Integrating Prototype Learning With Graph Convolution Network for Effective Active Hyperspectral Image Classification

In recent years, active learning (AL) methods have provided a feasible approach to alleviate the problem of limited labeled samples in deep learning projects. Existing AL algorithms generally tend to select sample without labeled, whose category is difficult to distinguish. However, the sample in the category center is difficult to determine in AL operations, resulting in inaccurate category measuring and inaccurate sample selection. In addition, hyperspectral images (HSIs) have rich spectral reflective bands with strong correlations, which leads to the phenomenon that the spatial distribution between different categories in HSIs characterizes staggered distribution, which undoubtedly influences the HSI classification effect.
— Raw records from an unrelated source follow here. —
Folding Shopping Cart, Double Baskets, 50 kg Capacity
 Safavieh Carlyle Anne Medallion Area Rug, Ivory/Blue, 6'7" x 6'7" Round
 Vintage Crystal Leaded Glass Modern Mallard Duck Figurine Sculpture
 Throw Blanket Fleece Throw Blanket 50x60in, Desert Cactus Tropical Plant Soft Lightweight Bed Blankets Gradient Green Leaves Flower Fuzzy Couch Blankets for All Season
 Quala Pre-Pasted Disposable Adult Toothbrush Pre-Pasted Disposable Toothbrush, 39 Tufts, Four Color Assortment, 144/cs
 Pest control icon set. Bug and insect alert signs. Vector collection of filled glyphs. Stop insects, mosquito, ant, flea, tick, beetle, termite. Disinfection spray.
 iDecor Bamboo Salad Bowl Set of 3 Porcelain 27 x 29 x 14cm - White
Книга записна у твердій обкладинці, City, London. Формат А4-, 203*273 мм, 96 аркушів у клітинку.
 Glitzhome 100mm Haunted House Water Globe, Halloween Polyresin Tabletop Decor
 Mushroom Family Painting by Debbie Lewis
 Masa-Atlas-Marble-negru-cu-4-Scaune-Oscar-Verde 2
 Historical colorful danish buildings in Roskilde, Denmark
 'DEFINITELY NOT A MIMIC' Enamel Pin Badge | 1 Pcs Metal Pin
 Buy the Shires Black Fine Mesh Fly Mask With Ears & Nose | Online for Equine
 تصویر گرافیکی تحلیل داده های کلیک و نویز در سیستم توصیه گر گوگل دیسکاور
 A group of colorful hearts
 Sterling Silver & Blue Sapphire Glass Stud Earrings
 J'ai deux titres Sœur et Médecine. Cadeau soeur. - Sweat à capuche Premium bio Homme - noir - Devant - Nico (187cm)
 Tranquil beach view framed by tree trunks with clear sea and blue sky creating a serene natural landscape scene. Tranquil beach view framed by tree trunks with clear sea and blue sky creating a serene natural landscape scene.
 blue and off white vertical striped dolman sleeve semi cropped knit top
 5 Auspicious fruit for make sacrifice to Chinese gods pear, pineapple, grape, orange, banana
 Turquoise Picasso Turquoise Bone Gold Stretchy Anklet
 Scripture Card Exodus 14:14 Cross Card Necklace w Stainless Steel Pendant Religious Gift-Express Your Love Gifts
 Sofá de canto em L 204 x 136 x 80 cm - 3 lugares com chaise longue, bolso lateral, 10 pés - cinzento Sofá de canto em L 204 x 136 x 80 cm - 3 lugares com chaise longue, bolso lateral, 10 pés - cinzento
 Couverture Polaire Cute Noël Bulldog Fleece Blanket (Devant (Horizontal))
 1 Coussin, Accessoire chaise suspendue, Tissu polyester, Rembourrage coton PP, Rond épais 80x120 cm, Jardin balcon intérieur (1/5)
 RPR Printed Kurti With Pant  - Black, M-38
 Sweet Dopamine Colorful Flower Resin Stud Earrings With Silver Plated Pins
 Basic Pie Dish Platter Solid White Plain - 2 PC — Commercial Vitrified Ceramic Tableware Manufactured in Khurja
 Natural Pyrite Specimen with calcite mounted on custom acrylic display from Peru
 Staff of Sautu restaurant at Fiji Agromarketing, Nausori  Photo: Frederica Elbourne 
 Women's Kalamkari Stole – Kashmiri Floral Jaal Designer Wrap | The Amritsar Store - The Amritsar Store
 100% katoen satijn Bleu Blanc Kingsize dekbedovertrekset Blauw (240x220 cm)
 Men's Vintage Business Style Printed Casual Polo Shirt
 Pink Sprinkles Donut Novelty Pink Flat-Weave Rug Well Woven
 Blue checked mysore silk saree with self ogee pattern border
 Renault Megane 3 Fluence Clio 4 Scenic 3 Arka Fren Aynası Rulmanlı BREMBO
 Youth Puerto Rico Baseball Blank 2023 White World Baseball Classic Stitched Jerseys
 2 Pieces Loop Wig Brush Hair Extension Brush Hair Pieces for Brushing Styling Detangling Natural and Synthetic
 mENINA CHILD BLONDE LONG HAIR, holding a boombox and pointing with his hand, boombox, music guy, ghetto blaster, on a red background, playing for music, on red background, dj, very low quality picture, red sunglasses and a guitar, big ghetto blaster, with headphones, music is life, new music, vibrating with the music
In this article, we propose a new AL method (called PLGCN) which combines prototype learning (PL) and graph convolution network (GCN) to solve few-shot HSI classification tasks, and this method can add into existing deep learning-based HSI classification models. It includes two advantages: 1) the prototype of each category is iteratively updated to ensure the optimality of prototype in each sampling stage and 2) the spatial distribution of unlabeled samples is extracted via graph convolution neural network in order to obtain the better features in new space for easier discriminating. Experimental results on three commonly used benchmark HSI datasets demonstrate the effectiveness of the PLGCN in HSI classification tasks with limited labeled samples.